→ Supplied data
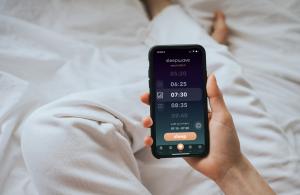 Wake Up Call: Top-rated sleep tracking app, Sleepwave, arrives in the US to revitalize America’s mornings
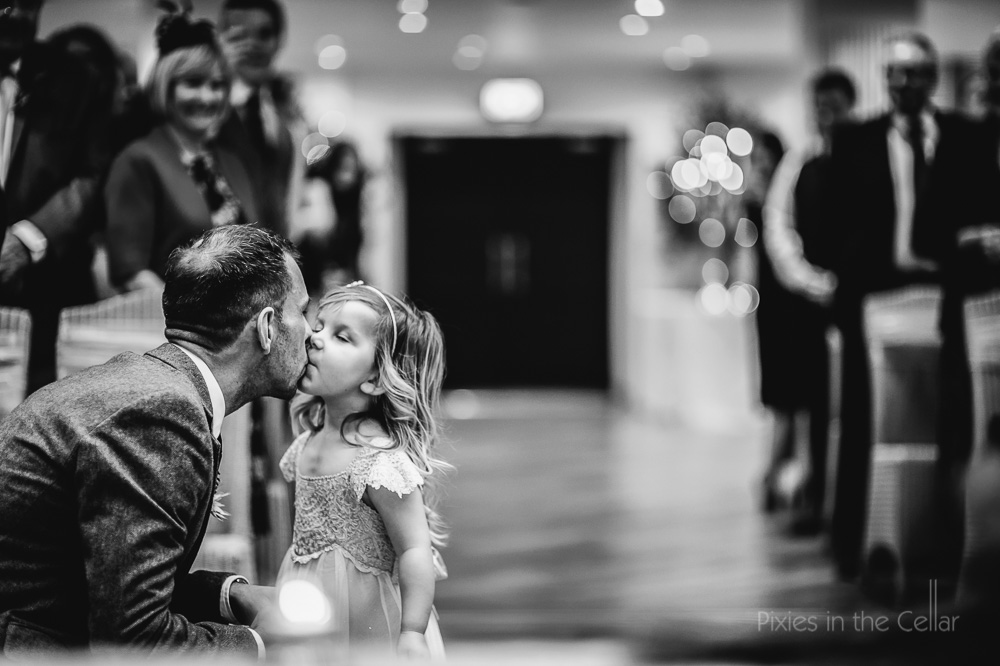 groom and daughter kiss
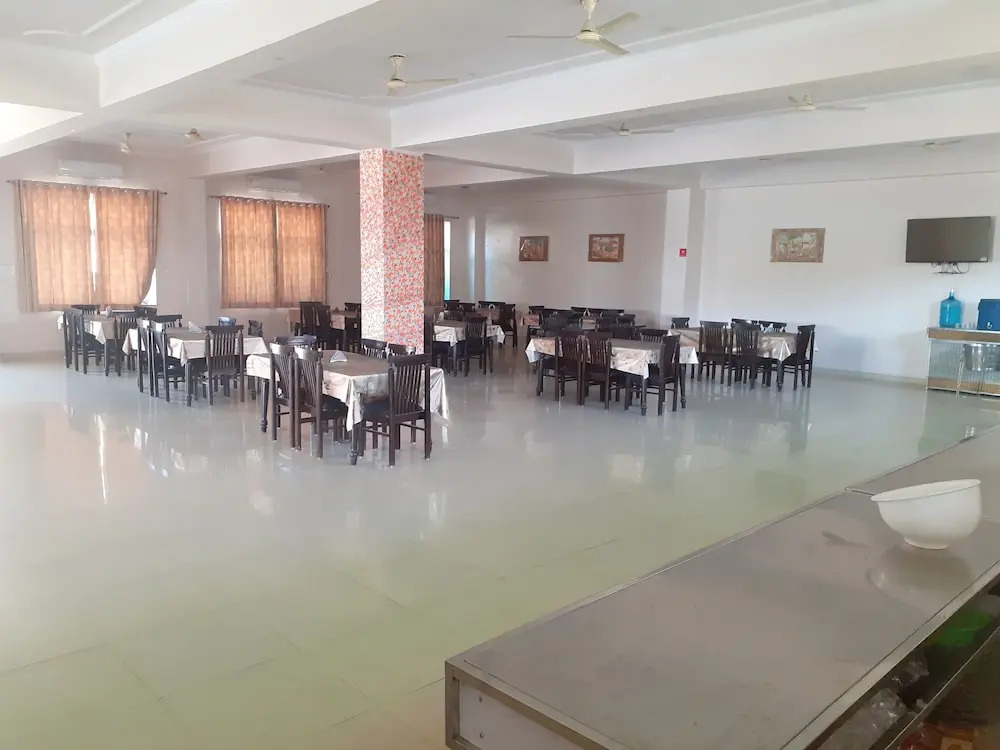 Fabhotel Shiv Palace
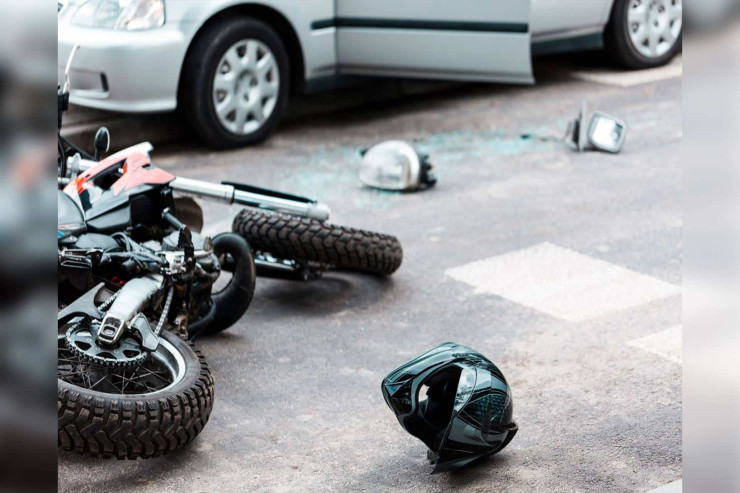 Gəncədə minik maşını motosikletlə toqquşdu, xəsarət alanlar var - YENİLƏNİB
==
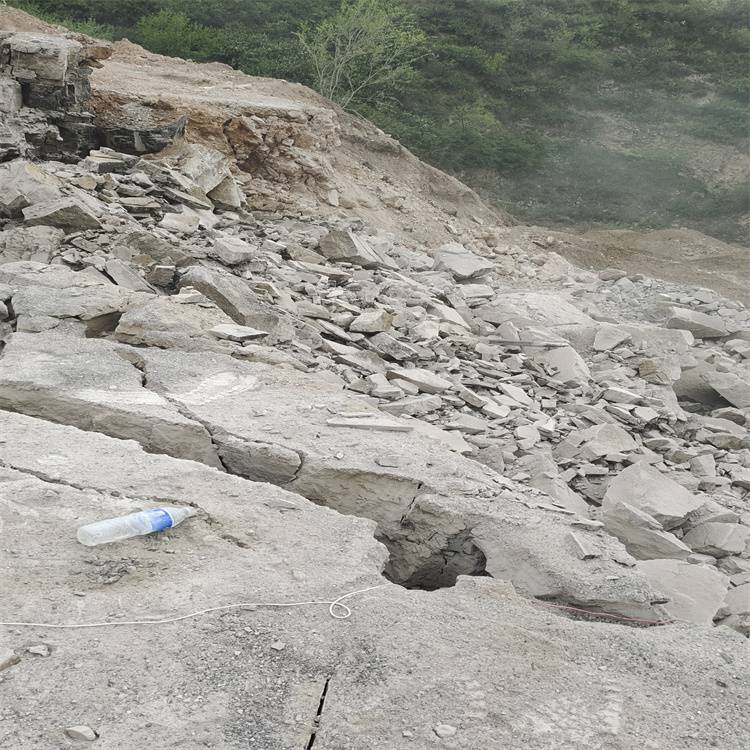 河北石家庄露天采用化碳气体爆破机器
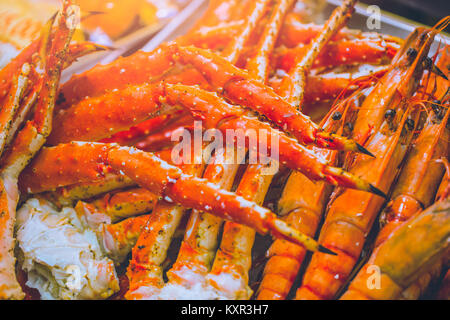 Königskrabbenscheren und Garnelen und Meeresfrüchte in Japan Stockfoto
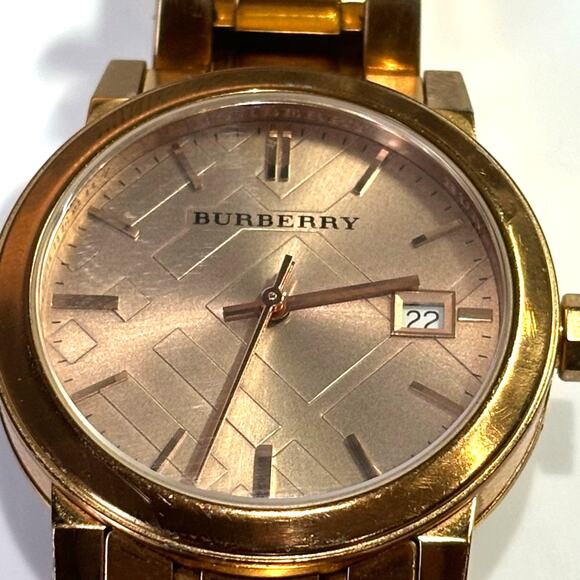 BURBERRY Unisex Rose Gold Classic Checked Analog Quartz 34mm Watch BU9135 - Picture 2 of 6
* * *
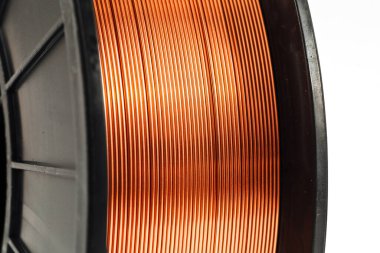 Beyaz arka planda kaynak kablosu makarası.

→ Task goal
Range to print from the listing above: from the line with "Königskrabbenscheren und Garnelen" up to and including the line with "BURBERRY Unisex Rose". Please print those lines exactly, with no pictures and nothing more.

→ Exercise result
 Königskrabbenscheren und Garnelen und Meeresfrüchte in Japan Stockfoto
 BURBERRY Unisex Rose Gold Classic Checked Analog Quartz 34mm Watch BU9135 - Picture 2 of 6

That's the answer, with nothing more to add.